For extreme confined space scenarios where mobility is highly limited and a rescuer can’t fit an eDRAULIC tool, Canon says HURST makes the StrongArm® tool, a very compact hydraulic rescue tool powered by a lithium-ion battery. “StrongArm will cut through 3⁄8-inch rebar, Grade 3 chain, locks, and 2 × 4 wood,” he notes, “and has a fingertip-style adapter for lifting where the insertion distance is extremely small, like one centimeter, to allow an air bag to be inserted for a higher lift. StrongArm has an 8½-inch spreading distance, 6,744 pounds of spreading force, and weighs 25 pounds.”


Jason Bell, product marketing coordinator for Holmatro-USA, says Holmatro’s hydraulic tools are used frequently in structural collapse situations. “We make a Power Wedge that works in conjunction with air lifting bags, especially useful in a pancake-type collapse,” Bell says. “Our PW5624 runs off of a pump with a hose, while our HPW5624 is hand-operated, similar to a jack. It can be inserted into a ¼-inch space and then activated by the pump or a manual jack handle to pick up 25 tons up to two inches. Then you would insert a secondary lifting device.”

10 Rescuers use a Holmatro HLJ50-10 hydraulic jack under a structure. (Photos 10-12 courtesy of Holmatro-USA.)

11 Holmatro makes a concrete-crushing tool that breaks concrete into hand-sized pieces.

12 Holmatro’s PowerShore struts being used in a trench shoring situation.

Holmatro makes air lifting bags in a variety of sizes, Bell says, and they all run at 175 psi, which allows the bag to be smaller and more compact. “Our smallest bag is 6 × 8 inches and can lift two tons, while our largest of 15 sizes is a 96-ton bag that is 35 × 40 inches,” Bell points out. “They are made out of vulcanized rubber and Kevlar® and fill multiple roles in technical rescue, including structural collapse due to tornados and earthquakes.”

Holmatro also makes the HLJ50-6 and HLJ50-10 hydraulic jacks, both lightweight aluminum models that can lift 50 tons eight inches and 12 inches respectively. It also makes the TJ3610 toe jack, used after a Power Wedge makes a two-inch gap, Bell says. “The bottom of the toe jack has a lip with an 11-ton lift capacity to nine inches,” he says. “Then you slide in wood cribbing or another jack to lift the load higher.”

Several hand-operated tools made by Holmatro are used in technical rescue and by urban search and rescue teams (USAR), Bell maintains. “One popular tool is the 5111HcT combination cutter/spreader,” he says. “It’s small and weighs less than 20 pounds but has an 11-inch spread and a maximum spreading force of 50 tons.
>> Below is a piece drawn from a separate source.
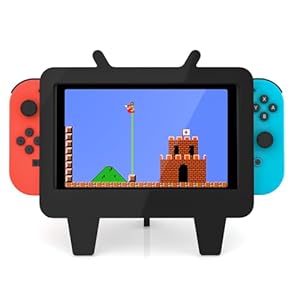 Switch Stand for Nintendo Switch, Acrylic Cute Decor Holder Playstand Compatible with Switch/OLED Console, Black (Holder Only)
You can use it to cut rebar, angle iron, or construction materials, and it has a self-contained reservoir of hydraulic fluid and is pumped by a handle similar to a car jack. There’s also the option of a 14-inch and 17-inch spread, and the tool is available in a heavier battery-operated version.”

For structural collapse, Holmatro makes the CC23 hydraulically operated concrete crusher operated off a pump and hose system. “There’s no vibration or noise like with a jackhammer,” Bell says. “The jaws open up to nine inches, clamp onto concrete, and break off hand-size pieces.” Holmatro also makes the PowerShore™ mechanical and hydraulic shoring systems, useful in structural collapse and trench rescue. “They are in different lengths running from five to 60 inches long where you attach the struts to the connection pieces and then add extensions.”

ALAN M. PETRILLO is a Tucson, Arizona-based journalist, the author of three novels and five nonfiction books, and a member of the Fire Apparatus & Emergency Equipment Editorial Advisory Board. He served 22 years with the Verdoy (NY) Fire Department, including in the position of chief.